Material provided Start Marker

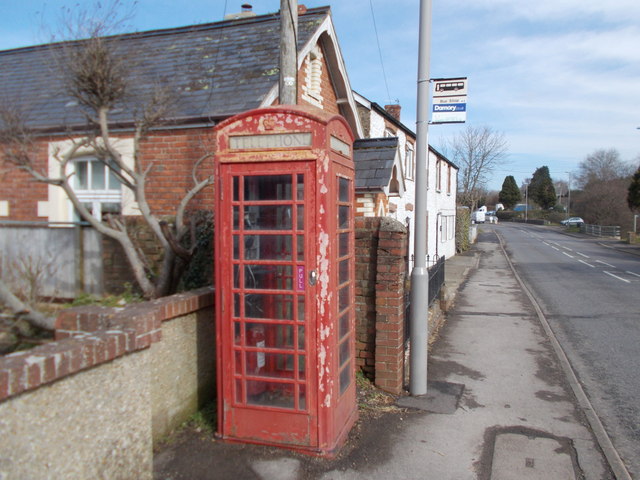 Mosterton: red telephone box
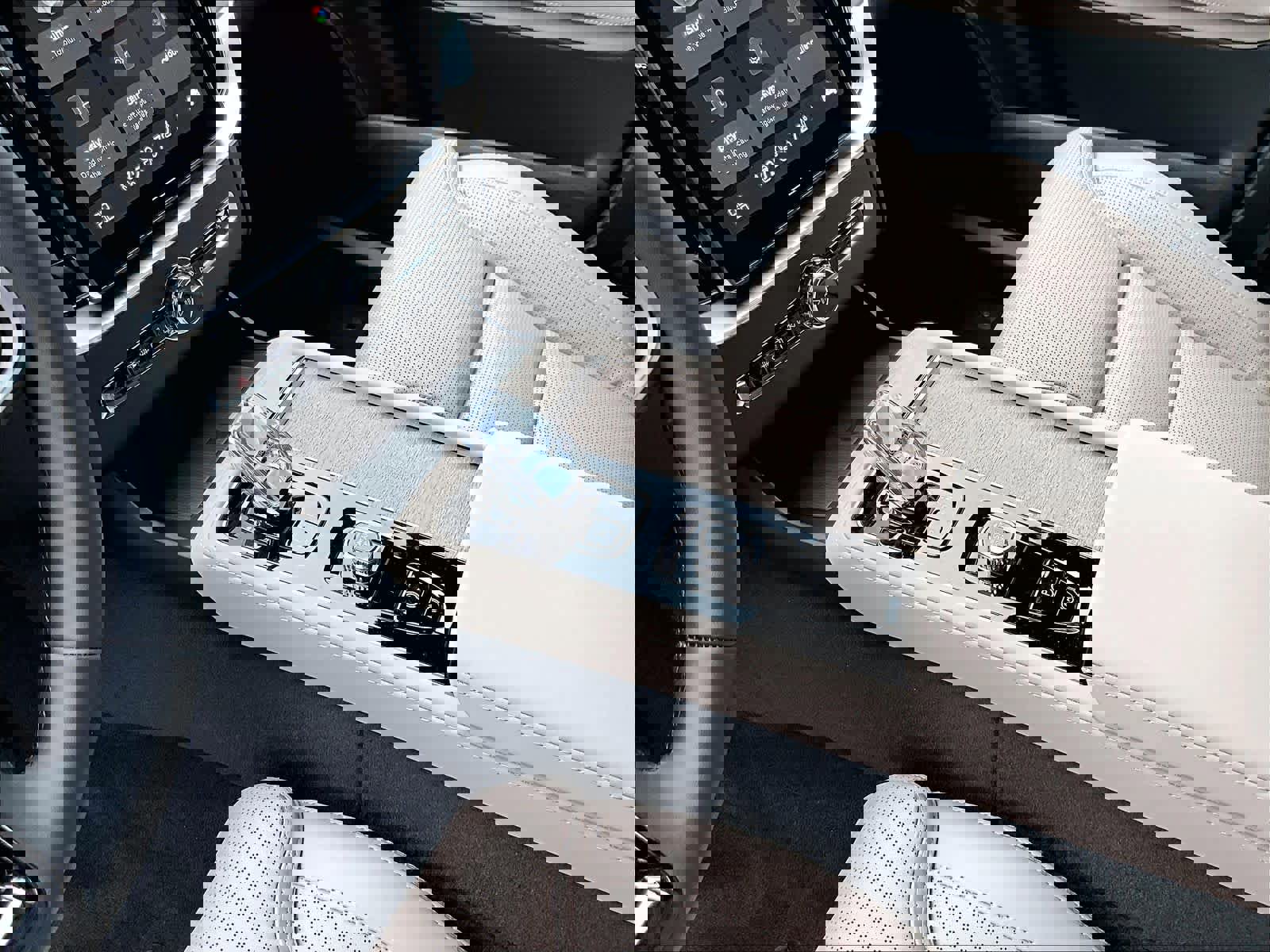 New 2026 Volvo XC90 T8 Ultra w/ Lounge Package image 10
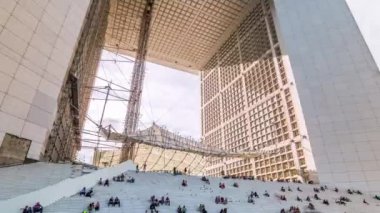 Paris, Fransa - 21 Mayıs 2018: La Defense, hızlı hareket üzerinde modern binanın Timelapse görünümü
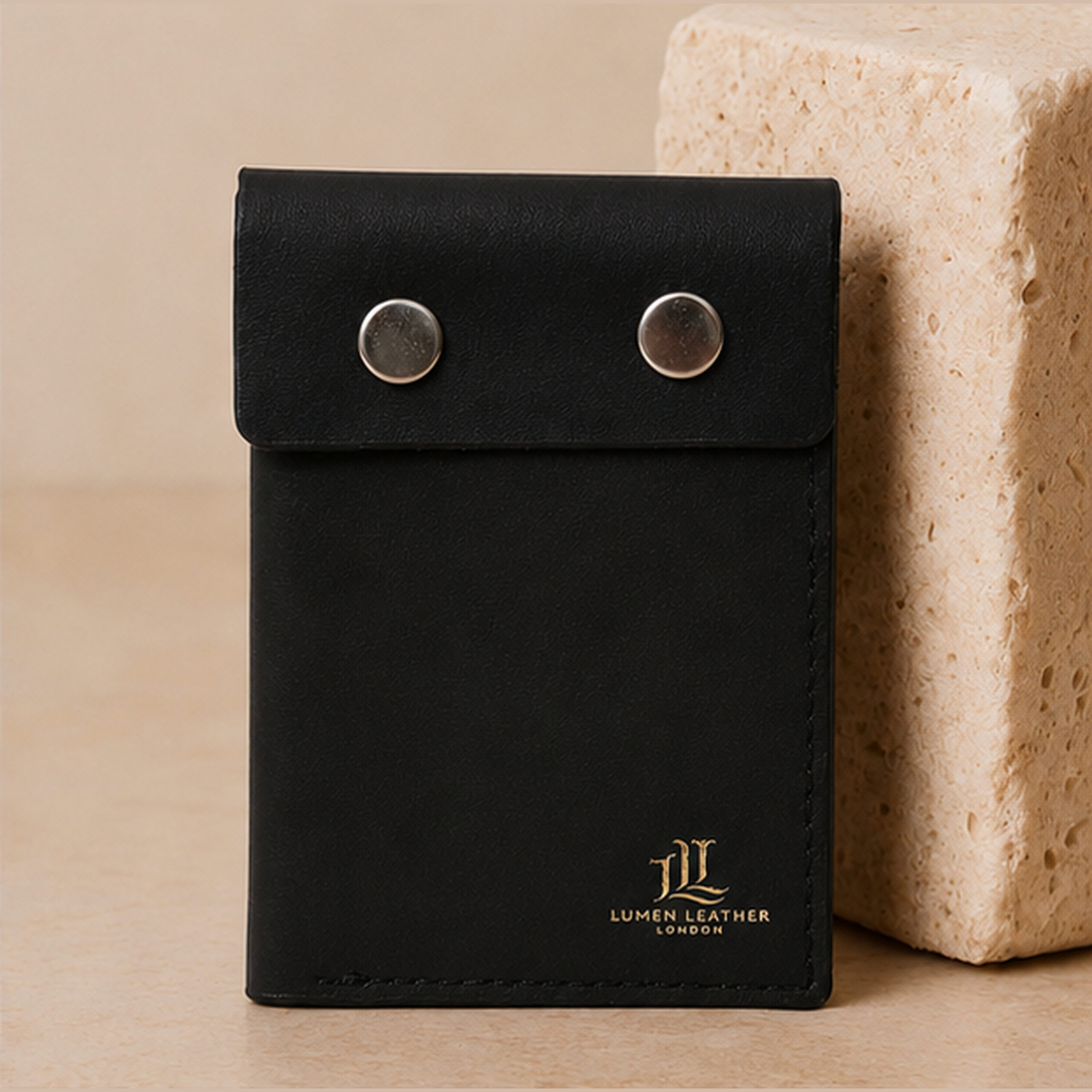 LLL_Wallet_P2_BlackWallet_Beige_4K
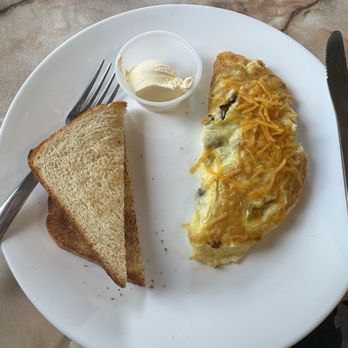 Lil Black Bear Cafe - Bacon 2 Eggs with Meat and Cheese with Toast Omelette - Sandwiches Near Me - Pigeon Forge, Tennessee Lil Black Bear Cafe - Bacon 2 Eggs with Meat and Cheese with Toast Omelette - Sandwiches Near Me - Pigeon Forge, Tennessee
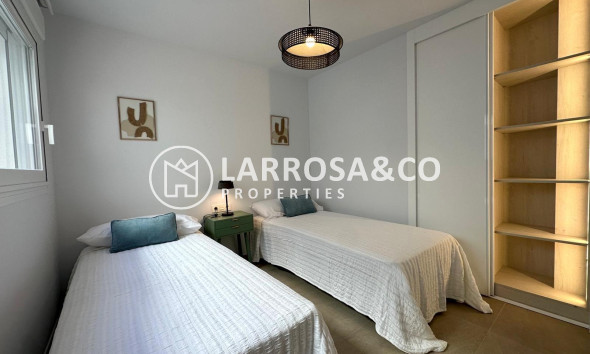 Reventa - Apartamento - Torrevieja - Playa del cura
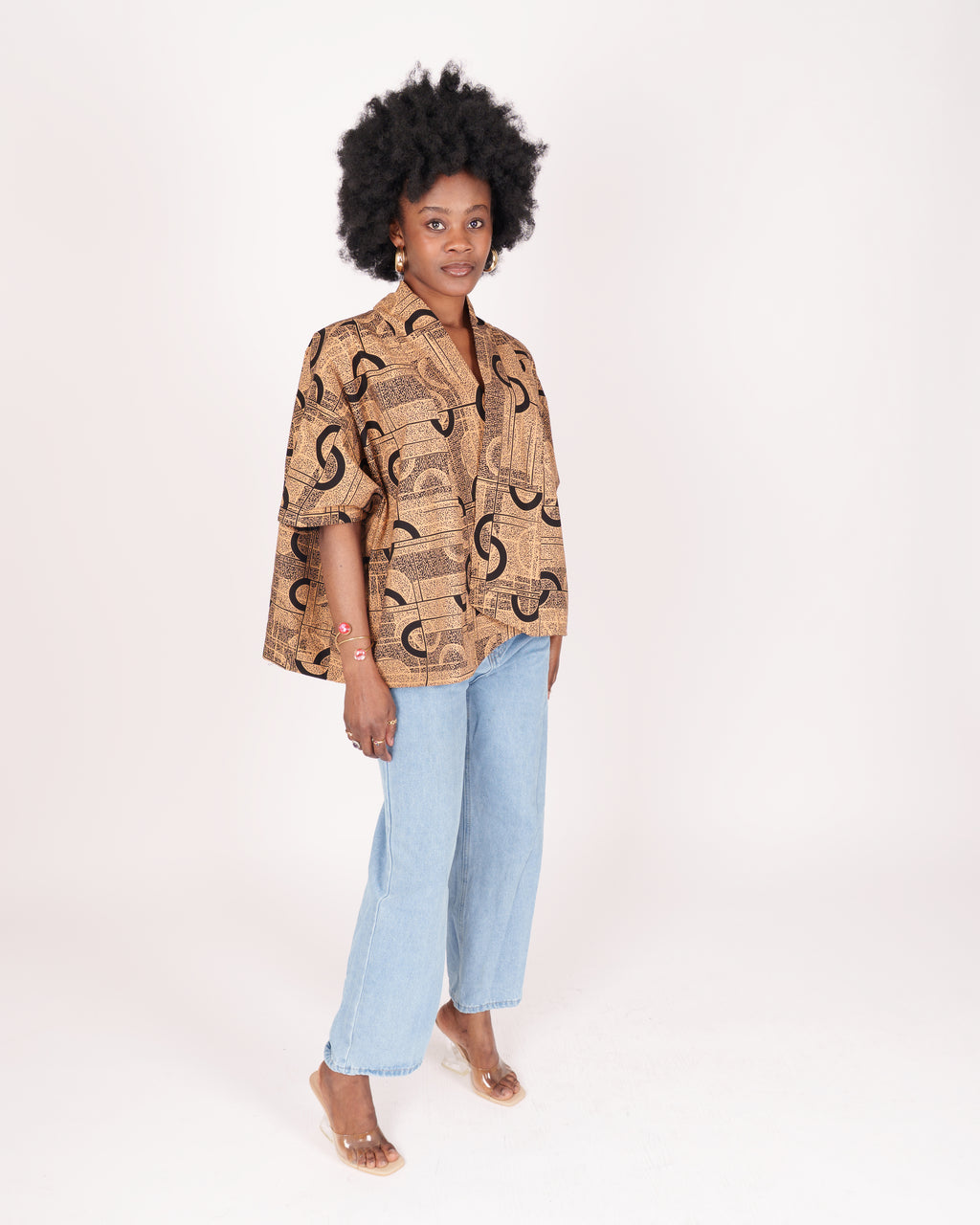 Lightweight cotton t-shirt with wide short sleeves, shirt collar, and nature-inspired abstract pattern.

Material provided End Marker

## Exercise instructions
Reproduce the entries above exactly. Do not include the images.

## Task output
 Mosterton: red telephone box
 New 2026 Volvo XC90 T8 Ultra w/ Lounge Package image 10
 Paris, Fransa - 21 Mayıs 2018: La Defense, hızlı hareket üzerinde modern binanın Timelapse görünümü
 LLL_Wallet_P2_BlackWallet_Beige_4K
 Lil Black Bear Cafe - Bacon 2 Eggs with Meat and Cheese with Toast Omelette - Sandwiches Near Me - Pigeon Forge, Tennessee Lil Black Bear Cafe - Bacon 2 Eggs with Meat and Cheese with Toast Omelette - Sandwiches Near Me - Pigeon Forge, Tennessee
 Reventa - Apartamento - Torrevieja - Playa del cura
 Lightweight cotton t-shirt with wide short sleeves, shirt collar, and nature-inspired abstract pattern.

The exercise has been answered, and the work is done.